When starting to learn new technologies such as React, or NextJs what type of projects should I build? A basic Hello World or a full-scale Instagram clone? This is a recurring question I get.
Overall I believe that you can get more learning value out of small projects than large or full-stack ones. At least in the beginning.
Consider the following illustration:
The colored bars signify periods of maximum learning, while the gaps represent tasks you are already familiar with. Larger projects eventually exhibit diminishing returns, where repetitive tasks become routine after a few iterations.
The first few times you use a text input and have to wire it up to maintain its state, you’re learning. But by the tenth go-around, it becomes just doing, no learning.
Just to be clear. I am referring to the speed of learning a new framework or language from scratch. There are things you can ONLY learn by working on big projects.
That isn’t to say that large projects aren’t valuable as learning tools, but I don’t believe they’re good first projects.
I think one should start small, build a few small things, then build a bigger thing, and so on. The principle is the same as the idea behind homework in school: to drill the ideas into your head by combining repetition and problem-solving.
The primary objective is to prevent overwhelm and persist in the learning process. Quitting won't lead to progress.
Don't use projects at work to learn the basics of a new technology
Avoid using work project prototypes as a means to learn the basics of a new technology. Deep down, you're aware that a "prototype" is here to stay. It will live beyond the prototype phase, morph into shipping software, and never be thrown away or rewritten.

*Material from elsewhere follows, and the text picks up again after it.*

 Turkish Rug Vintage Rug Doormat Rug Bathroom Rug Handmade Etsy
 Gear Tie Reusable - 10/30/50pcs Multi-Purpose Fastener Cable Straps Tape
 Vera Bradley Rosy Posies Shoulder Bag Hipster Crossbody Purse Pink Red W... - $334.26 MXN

As soon as some manager sees that it works, features will start to pile on. “We’ll refactor it someday” will turn out to be a lie. The code will grow bloated and disorganized.
When you know it won’t be throwaway code, the future looms large. You start to worry… Shouldn’t it have tests? Shouldn’t I make sure the architecture will scale? Am I going to have to refactor this mess later? And shouldn’t it have tests?
That's why for learning the ropes of a new technology, it's best to steer clear of using work projects or prototypes. We should get comfortable with building small things and throw them away.
What type of projects should I use as learning playgrounds?
So, what should you build? I think the sweet spot is somewhere between “Hello World” and “entire clone of Twitter.”
Start with Hello World but, as your skills grow, low-fidelity copies of simple apps and sites like Reddit, Hacker News, and Slack make great projects.
The activity should be just beyond your current skill level. Not so hard that you get frustrated and quit, but not so easy that you can breeze right through, either.
Focus on cultivating comfort in building small, disposable projects!